:: Extracted information ::

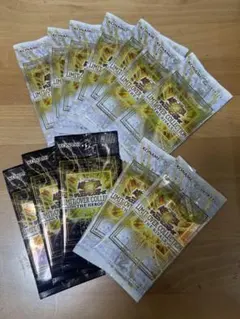 【本日発送】遊戯王 LIMIT OVER COLLECTION 12パック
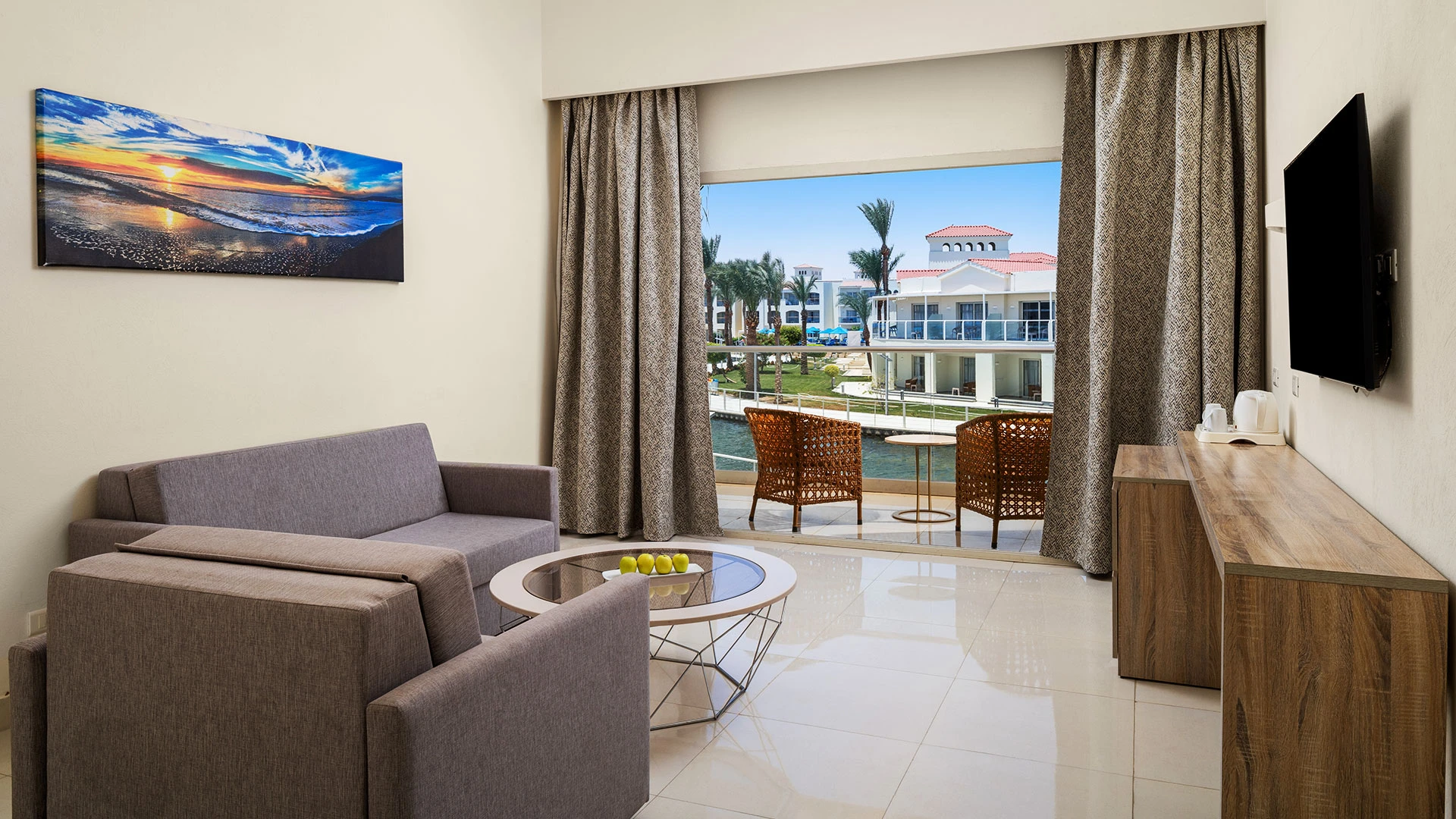 PICKALBATROS DANA BEACH RESORT - HURGHADA Чартър до Хургада от София [SOF] 2026 – 33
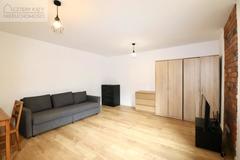 Mieszkanie  45m², Katowice Załęże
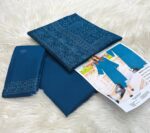 Breeza 2Pc Embroidery Lawn Collection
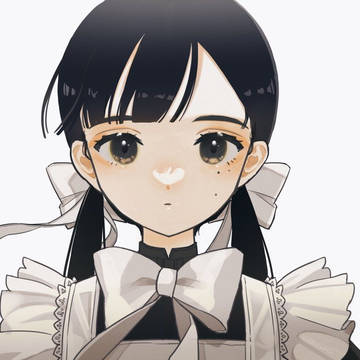 メイドさん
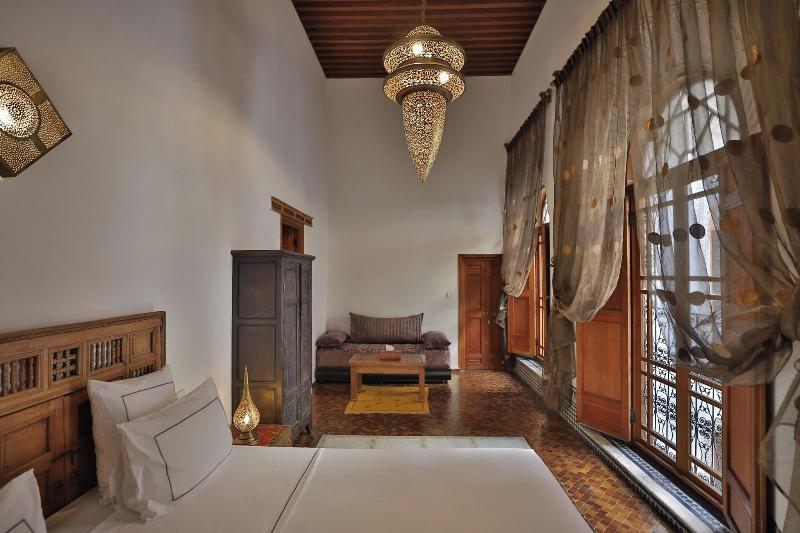 Riad Layla - Oda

:::

## What to produce
Could you give the material above again, exactly and without its pictures?

## Task solution
 【本日発送】遊戯王 LIMIT OVER COLLECTION 12パック
 PICKALBATROS DANA BEACH RESORT - HURGHADA Чартър до Хургада от София [SOF] 2026 – 33
 Mieszkanie  45m², Katowice Załęże
 Breeza 2Pc Embroidery Lawn Collection
 メイドさん
 Riad Layla - Oda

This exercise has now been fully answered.